_EXERCISE GOAL_.
Your answer must hold only the lines below from the line containing "Rij laadpalen met" through the line containing "1PC Funny Animal", each reproduced exactly.

_Recorded data_.
□ □ □

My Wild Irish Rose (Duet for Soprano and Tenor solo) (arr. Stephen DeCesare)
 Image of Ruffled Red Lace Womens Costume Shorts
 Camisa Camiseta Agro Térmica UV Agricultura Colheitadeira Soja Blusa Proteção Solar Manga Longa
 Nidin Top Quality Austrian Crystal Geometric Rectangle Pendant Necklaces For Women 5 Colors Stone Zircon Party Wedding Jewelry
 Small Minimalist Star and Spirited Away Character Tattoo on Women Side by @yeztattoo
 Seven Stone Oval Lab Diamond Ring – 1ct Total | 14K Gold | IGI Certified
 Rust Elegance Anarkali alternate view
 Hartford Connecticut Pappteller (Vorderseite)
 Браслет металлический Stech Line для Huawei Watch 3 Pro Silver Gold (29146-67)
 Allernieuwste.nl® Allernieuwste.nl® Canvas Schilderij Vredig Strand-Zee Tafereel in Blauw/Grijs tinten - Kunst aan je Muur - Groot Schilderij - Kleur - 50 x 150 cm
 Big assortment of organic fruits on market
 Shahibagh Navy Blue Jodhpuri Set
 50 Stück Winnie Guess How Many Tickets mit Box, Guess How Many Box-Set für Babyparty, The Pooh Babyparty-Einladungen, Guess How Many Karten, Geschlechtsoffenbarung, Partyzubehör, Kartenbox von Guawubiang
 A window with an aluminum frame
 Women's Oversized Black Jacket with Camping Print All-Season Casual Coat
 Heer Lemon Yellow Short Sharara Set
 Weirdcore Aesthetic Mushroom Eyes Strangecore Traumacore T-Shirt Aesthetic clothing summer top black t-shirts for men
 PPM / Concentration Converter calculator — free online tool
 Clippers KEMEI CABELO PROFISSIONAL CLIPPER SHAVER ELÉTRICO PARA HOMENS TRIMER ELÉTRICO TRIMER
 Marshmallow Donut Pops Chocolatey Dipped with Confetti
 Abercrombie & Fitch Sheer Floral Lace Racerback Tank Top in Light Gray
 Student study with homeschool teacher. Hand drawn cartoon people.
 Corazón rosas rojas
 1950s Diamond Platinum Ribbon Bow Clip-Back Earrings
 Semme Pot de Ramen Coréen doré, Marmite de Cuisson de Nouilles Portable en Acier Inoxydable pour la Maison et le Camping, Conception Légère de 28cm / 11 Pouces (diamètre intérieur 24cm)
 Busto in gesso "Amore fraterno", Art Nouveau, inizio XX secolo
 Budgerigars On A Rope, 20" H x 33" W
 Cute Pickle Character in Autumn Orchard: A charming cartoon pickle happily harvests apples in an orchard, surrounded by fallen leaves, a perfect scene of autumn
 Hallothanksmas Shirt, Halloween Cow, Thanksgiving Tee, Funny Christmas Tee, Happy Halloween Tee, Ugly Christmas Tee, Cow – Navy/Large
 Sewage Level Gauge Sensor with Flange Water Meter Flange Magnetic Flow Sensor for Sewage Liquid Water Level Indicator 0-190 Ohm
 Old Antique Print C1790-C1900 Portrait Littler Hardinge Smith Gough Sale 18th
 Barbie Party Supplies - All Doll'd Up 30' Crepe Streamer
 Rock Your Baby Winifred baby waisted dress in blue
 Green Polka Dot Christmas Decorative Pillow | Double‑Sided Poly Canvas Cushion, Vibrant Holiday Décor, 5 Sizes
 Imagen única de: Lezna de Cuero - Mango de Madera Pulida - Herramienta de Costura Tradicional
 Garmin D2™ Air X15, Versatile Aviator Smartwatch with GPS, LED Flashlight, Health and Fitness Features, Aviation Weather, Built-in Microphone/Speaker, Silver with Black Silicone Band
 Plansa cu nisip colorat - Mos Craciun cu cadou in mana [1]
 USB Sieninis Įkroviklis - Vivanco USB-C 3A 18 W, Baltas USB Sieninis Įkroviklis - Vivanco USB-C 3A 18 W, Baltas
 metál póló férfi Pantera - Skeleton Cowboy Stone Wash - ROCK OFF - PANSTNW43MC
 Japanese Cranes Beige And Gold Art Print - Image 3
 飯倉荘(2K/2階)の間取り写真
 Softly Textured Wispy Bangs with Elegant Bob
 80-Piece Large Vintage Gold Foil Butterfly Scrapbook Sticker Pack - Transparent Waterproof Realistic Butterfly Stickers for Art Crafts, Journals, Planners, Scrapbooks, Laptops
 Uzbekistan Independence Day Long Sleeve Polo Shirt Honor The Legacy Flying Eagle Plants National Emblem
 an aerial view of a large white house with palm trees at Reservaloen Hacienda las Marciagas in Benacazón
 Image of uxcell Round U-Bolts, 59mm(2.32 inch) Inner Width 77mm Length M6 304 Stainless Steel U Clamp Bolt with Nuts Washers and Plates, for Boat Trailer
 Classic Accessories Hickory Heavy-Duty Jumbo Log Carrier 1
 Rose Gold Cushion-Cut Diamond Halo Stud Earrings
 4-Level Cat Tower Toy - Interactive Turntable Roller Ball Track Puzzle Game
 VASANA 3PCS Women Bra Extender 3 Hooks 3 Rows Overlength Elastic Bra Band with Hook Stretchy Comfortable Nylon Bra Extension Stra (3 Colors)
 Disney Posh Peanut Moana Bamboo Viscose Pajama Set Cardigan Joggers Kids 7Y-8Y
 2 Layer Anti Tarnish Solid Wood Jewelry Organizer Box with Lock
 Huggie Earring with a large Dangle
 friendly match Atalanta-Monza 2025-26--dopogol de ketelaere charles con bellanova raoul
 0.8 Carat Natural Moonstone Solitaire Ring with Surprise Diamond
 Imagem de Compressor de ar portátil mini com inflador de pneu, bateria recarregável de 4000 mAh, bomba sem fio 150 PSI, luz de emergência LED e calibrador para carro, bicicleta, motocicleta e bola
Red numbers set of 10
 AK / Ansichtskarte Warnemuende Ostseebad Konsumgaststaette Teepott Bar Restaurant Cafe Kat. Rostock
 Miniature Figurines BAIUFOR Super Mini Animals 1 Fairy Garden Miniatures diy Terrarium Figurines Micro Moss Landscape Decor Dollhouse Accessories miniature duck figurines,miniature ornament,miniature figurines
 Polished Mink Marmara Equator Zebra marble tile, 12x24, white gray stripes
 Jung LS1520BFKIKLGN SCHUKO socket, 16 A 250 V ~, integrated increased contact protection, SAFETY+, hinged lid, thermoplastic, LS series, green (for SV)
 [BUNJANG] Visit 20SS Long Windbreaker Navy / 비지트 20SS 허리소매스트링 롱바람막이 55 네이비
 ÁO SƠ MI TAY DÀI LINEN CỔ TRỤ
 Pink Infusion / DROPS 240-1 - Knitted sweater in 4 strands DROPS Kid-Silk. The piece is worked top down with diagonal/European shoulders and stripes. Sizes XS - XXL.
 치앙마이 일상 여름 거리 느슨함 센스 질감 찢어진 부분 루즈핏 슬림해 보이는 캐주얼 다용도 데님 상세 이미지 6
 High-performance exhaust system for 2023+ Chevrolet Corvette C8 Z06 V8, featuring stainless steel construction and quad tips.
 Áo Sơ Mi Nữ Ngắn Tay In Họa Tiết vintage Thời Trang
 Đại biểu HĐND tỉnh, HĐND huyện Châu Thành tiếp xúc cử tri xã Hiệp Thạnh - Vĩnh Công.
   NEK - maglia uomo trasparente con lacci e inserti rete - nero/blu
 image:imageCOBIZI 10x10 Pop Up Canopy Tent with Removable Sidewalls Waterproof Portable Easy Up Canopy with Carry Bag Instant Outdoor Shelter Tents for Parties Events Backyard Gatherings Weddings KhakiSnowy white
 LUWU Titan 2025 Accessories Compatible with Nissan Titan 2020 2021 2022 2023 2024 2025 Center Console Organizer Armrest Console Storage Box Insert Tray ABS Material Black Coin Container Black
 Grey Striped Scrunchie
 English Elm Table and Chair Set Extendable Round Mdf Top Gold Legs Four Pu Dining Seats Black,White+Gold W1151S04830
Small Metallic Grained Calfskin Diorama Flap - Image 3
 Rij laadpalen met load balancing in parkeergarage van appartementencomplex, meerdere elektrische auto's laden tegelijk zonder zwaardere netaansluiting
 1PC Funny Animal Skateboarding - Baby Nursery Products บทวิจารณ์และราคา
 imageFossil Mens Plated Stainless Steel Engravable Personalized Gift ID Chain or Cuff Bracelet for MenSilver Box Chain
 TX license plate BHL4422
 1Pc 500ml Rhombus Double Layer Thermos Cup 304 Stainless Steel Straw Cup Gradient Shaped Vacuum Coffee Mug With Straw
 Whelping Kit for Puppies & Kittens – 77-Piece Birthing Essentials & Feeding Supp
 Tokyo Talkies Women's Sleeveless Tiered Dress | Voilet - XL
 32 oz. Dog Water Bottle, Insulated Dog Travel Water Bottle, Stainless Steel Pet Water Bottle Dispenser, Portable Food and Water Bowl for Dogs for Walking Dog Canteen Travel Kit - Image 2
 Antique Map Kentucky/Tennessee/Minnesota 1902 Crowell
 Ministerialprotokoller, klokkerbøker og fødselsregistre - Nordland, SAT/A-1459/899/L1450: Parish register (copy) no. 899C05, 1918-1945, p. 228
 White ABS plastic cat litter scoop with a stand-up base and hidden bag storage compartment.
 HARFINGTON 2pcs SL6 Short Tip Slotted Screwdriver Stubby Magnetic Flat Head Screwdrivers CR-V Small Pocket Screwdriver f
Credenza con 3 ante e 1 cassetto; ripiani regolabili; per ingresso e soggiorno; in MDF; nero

□ □ □

_RESULT OF THE EXERCISE_.
 Rij laadpalen met load balancing in parkeergarage van appartementencomplex, meerdere elektrische auto's laden tegelijk zonder zwaardere netaansluiting
 1PC Funny Animal Skateboarding - Baby Nursery Products บทวิจารณ์และราคา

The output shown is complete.